You don't have to go to Thailand to find a satisfying plate of pad kee mao.
(photo by Dominic Riley)
Temples, Buddha, floating markets, basil, massages, beaches, chilies, and elephants: just a few words that come to mind when someone mentions Thailand. But only two of those words really stand out-basil and chilies. How'd you guess? Thai basil and Thai chilies are welcome in my home any day of the week.
Fragrant basil could stand in as air freshener and Thai chilies could be that go-to remedy for annoying hangovers (just don't rub your eyes during that special one-on-one moment you share with the porcelain god). However, there's no need to keep those guys hanging around your kitchen unused when together they make up one of the best Thai dishes: Pad kee mao.
In my book pad kee mao might well translate to spicy tears of joy, but in Thai it actually means drunken noodle. And your mouth will indeed be drunk off the robust, pleasant flavors this dish has to offer. Chicken, shrimp or tofu stir-fried with thick, flat rice noodles coated in a rich, spicy sauce will also have your taste buds leaping from your tongue.
They won't necessarily be leaping for joy; instead they'll be trying to escape the heat. Since I prefer my Thai food "so spicy that it makes me cry" (thanks to a close friend of mine, I use that phrase when ordering, but soon regret it when the acid reflux hits about an hour after) the amount of chilies used in the pad kee mao I tend to order is almost hazardous.
The fresh basil, onions, peppers and tomatoes throughout the dish appear bigger than the diced chilies, but chilies pack the surprise punch. Speaking of punch, if your lips aren't puckered, red, swollen or in the process of running away from your face once you finish, then you didn't have the full pad kee mao experience.
Thai chilies come in at a score of 50,000-100,000 (very hot!) on the Scoville pungency scale. This scale detects the pungency of the chemical, capsaicin, found in a chili's placenta. The scale ranges from 0 (bell pepper) to 15,000,000 to 16,000,000 (pure capsaicin). The Guinness World Record's winner for hottest chili on earth, naga jolokia, scored 855,000-1,050,000: one seed of that pepper produces enough heat to cause intense burning in the mouth for up to 30 minutes. So, there's no excuse for not ordering your pad kee mao very spicy (I'm not judging or anything)!
The best Thai food I ever had was in Thailand at an elephant farm outside of Bangkok. I wandered upon what we'd call in America an outdoor food court. It was summer, I was sweating and little bugs kept flying around my face and food. It couldn't get more authentic than that (I'm sure it could have, but we'll save that for my next visit) and the food was fragrant, fresh and spicier than ever.

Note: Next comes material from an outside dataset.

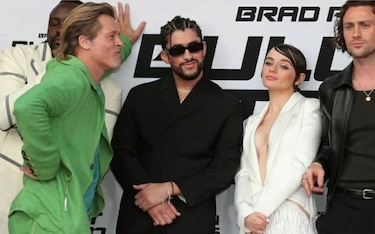 Con este ‘look’ Bad Bunny le ganó a Brad Pitt y no lo vas a creer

It'd be nice to recreate that experience. I could pitch a tent in New York and share a nice plate of pad kee mao with Moammar Gadhafi, but that may not be the exact experience I'm looking for. It just makes more sense to head on over to Palms Thai in East Hollywood. An order of pad kee mao costs about 7 bucks and your taste buds won't be the only things entertained during the meal. Palms Thai is home to the infamous Thai Elvis Presley whose smooth crooning distracts you from the fire in your mouth.
If Elvis isn't your cup of tea (Thai iced tea that is, a must have companion to your pad kee mao) and you find yourself in Eagle Rock, there is a small family-owned restaurant, Thai Eagle Rox, which will sure have you in tears, if you dare order your food extra spicy.